19. The timing card drives at Halifax and Clarksville were adjusted for belt slippage on the surface of the smooth card pulley upon start-up. In the startup period, the motor would come up to full speed within a few seconds and the card machine would attain its full speed in something less than sixty seconds. The belt tension on both the Halifax and Clarksville drives was adjusted by moving the motor forward or backward to secure the desired slippage on the card pulley. Mr. Gunter, in the course of his employment with Triangle Electric Motor Co., Durham, North Carolina, became familiar with the drives at both Halifax and Clarksville. On April 3, 1959, the date on which he states he conceived the invention, he visited the Clarksville Plant in the course of his employment with Triangle Electric Motor Co.

20. The timing card drives at Halifax and Clarksville were operated in regular commercial use more than one year prior to the time the application for the patent in suit was filed, the filing of the application having been accomplished on the 19th day of September, 1960.

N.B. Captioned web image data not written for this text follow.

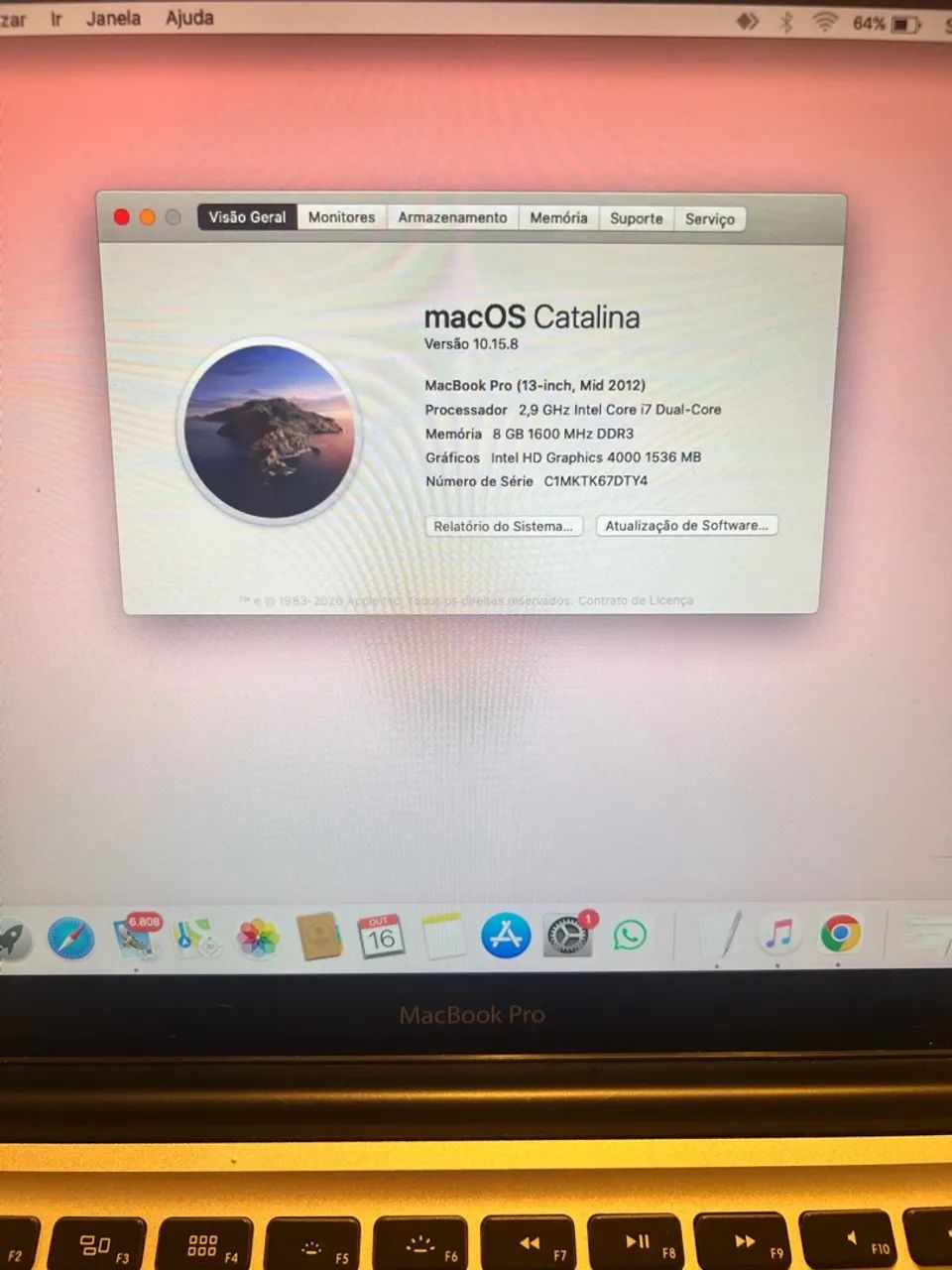  MacBook Pro 13" 2012 ? i7, 8GB, SSD 480GB - Foto 5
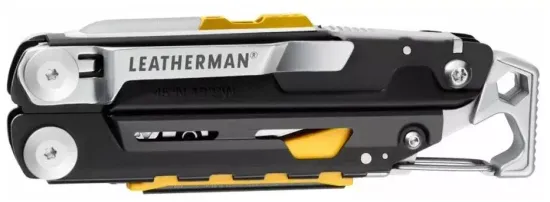 Мультитул пассатижи LEATHERMAN Signal (832265) с чехлом черный/желтый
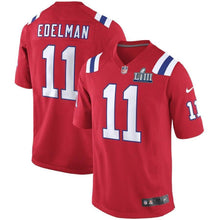 Load image into Gallery viewer, Julian Edelman New England Patriots Nike Super Bowl LIII Bound Alternate Game Jersey - Red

21. In December, 1958, at Langdale Mills, Langdale, Alabama, a cotton card drive was installed, employing a pancake motor mounted on a vertical plate with two V-sheaves on the motor shaft, and two V-belts running from the motor pulley to a flat driven pulley on the carding machine. The motor pulley had two grooves to cut down the slippage of the V-belts running on the motor pulley, and the radius of the card pulley was considerably larger than the radius of the motor pulley. On start-up the belts would slip on the smooth surface of the card pulley, and the motor would come up to its full normal running speed within a few seconds. The carding machine would come up to its full normal running speed in approximately fifty seconds after start-up. The electric motor was mounted so that the two pulleys, i. e., the motor pulley and card pulley, had short center distances. This drive and its operation was not clothed with secrecy and was in operation at Langdale at the time of the trial.

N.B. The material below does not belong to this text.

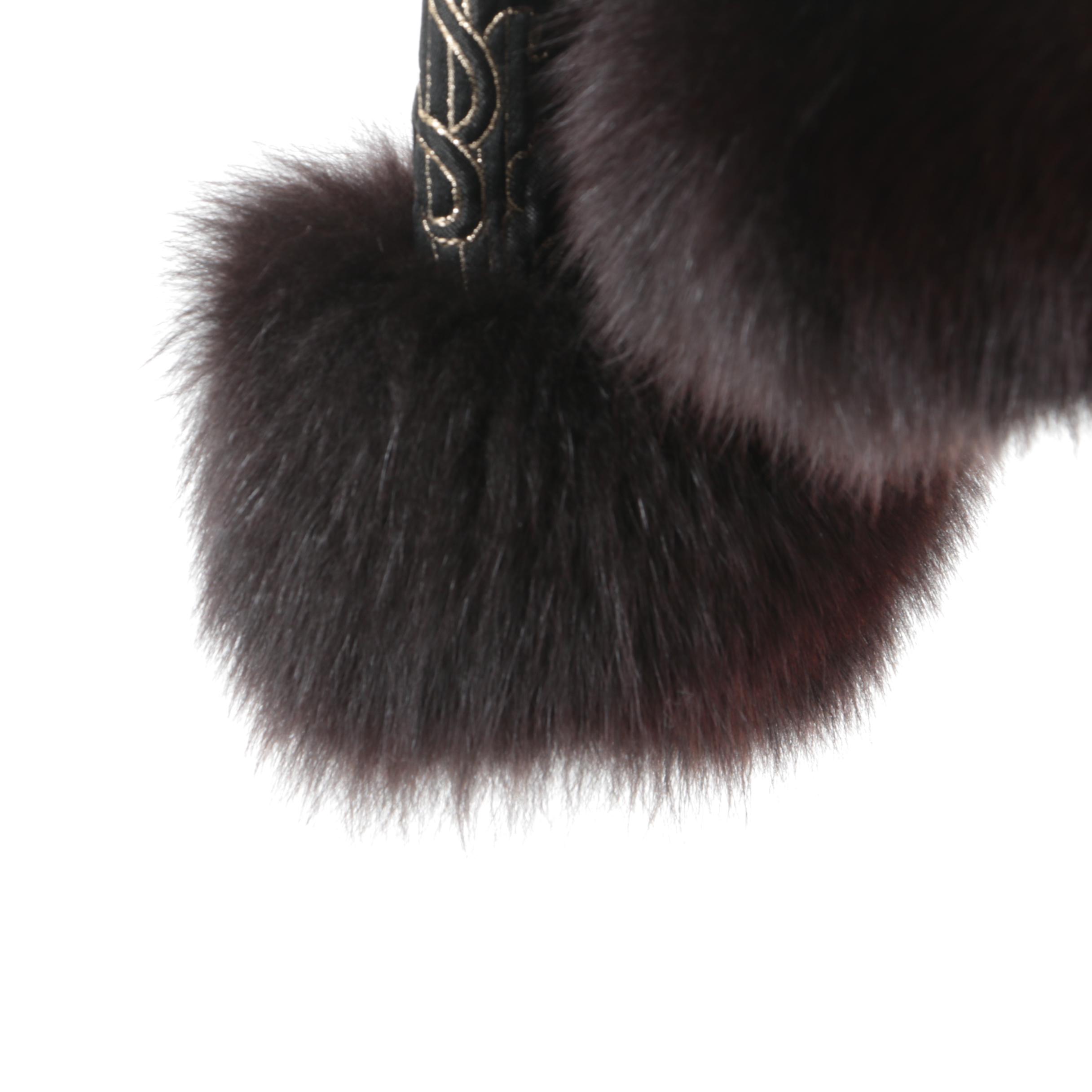 Charles Romain of Paris Evening Jacket with Fox Fur Trim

22. It is old in the art to have a motor mounted on the outer surface of a vertically installed flat plate with the plate serving as a guard for the motor pulley and belt. In the specifications of the Gunter patent it is stated "An electric motor 26 is mounted on the outer face of the plat 18 and is a relatively flat type of motor presently available on the market." The flat type motor, commonly called "pancake" or "thinline" motors came on the market in approximately 1959.

Defendant's Exhibits 75 (Letters Patent No. 2,078,196, April 20, 1937, D. Heyer); Defendant's Exhibit 76 (Letters Patent 2,205,975, June 25, 1940, D. Heyer); Defendant's Exhibit 78 (Letters Patent No. 2,948,374, August 9, 1960, R.M. Husband).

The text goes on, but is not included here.